All steps are automated in Python, so the pipeline can be re-run on updated data with minimal effort.
Results / Charts
ROC curve
The ROC chart shows that the Random Forest model delivers strong discrimination: the curve lies well above the 45-degree random baseline. In practice this means the model can prioritize customers by churn risk much better than chance, which is exactly what retention teams need when budget is limited.


Confusion matrix
At a default 0.5 probability threshold the confusion matrix summarizes how many churners are correctly identified vs. missed, and how many loyal customers are incorrectly flagged as high risk. Business teams can tune this threshold depending on whether they prefer to maximize recall of potential churners or keep the number of unnecessary retention offers low.
Top drivers of churn (feature importance)
The feature-importance bar chart reveals the most influential variables behind the model’s predictions. Typical patterns include:
- Short tenure and month-to-month contracts increasing churn risk..
- Higher monthly charges, especially in combination with optional add-ons, pushing customers towards leaving.
- Certain internet service types and payment methods being associated with higher attrition.
This ranking helps to validate business intuition and highlight where contractual or pricing redesign might have the largest impact.

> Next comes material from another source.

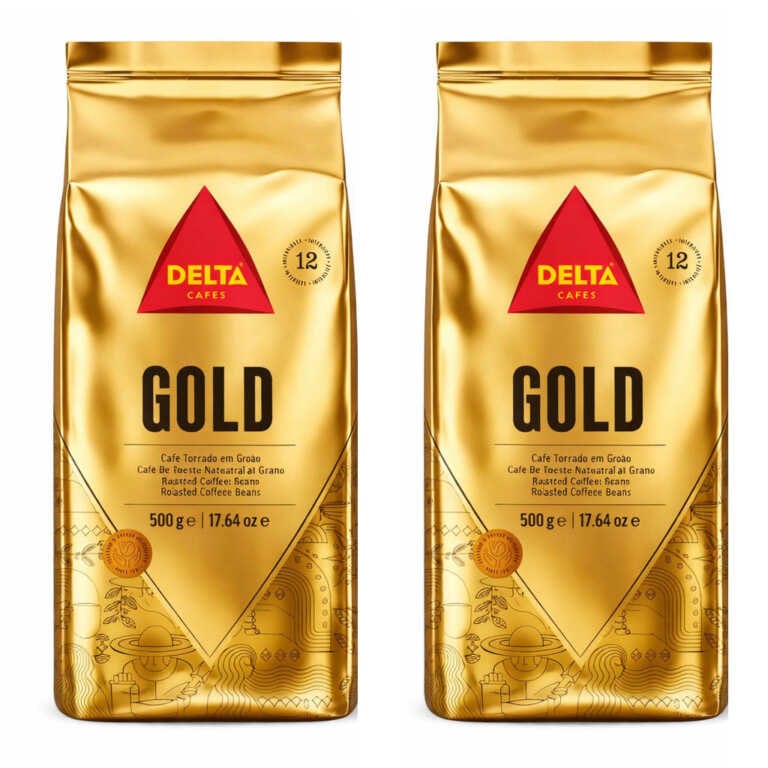 Delta Cafés Gold 1 kg-förpackning: två påsar med 500 g kaffebönor, guldfärgad förpackning med röd logotyp och triangel.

Risk segments and observed churn rate
Each customer receives a predicted churn probability. We then group customers into three intuitive segments:
- Low risk (0–20%).
- Medium risk (20–50%)
- High risk (50%+)
The corresponding bar chart shows the observed churn rate in each bucket. As expected, churn incidence rises sharply from the low-risk to the high-risk segment, confirming that the probabilities are well-calibrated. This segmentation allows marketing teams to attach different retention playbooks and budgets to each group, from light-touch engagement up to proactive save-offers.
Tenure-based “risk tunnel”
For the homepage hero section, we introduce a more visual story: the Tenure-Based Risk Tunnel. Here we:
- Bin customers by tenure in months (e.g. 0–3, 3–6, … up to 72+)
- Compute, for each bin, the average predicted churn probability and the spread around it (mean ± one standard deviation).
- Plot the average as a smooth line and the uncertainty band as a shaded “tunnel”.
The resulting chart shows a clear pattern
- Churn peaks in the very early months of the relationship, when customers are still evaluating the service and comparing alternatives.
- As tenure increases, the average churn probability declines steadily, and the band gradually narrows – long-standing customers are both more loyal and more homogeneous in their behavior.
- The light-blue tunnel band highlights that, even within the same tenure group, some customers are far riskier than others, underscoring the value of individualized prediction instead of simple tenure-based rules.

Business Impact
Taken together, these results provide a full story for commercial and retention teams:
- The model is accurate enough to distinguish low- from high-risk customers, as shown by the ROC curve and the sharp gradient in churn rates across risk buckets.
- We can clearly explain why customers are at risk: short tenure, flexible contracts and higher charges emerge as key drivers, supported by other service and payment factors.
- The risk segments translate abstract probabilities into operational groups that can be targeted with differentiated offers, call-center scripts or digital journeys.
- The tenure-based risk tunnel delivers a simple but powerful message: invest heavily in the first months of the relationship, because that is where churn risk – and therefore the upside of good onboarding and service design – is highest.
The same pipeline can be re-trained on fresh data or adapted to other subscription businesses (media, utilities, SaaS), giving organizations a repeatable way to monitor churn risk and design smarter, data-driven retention strategies.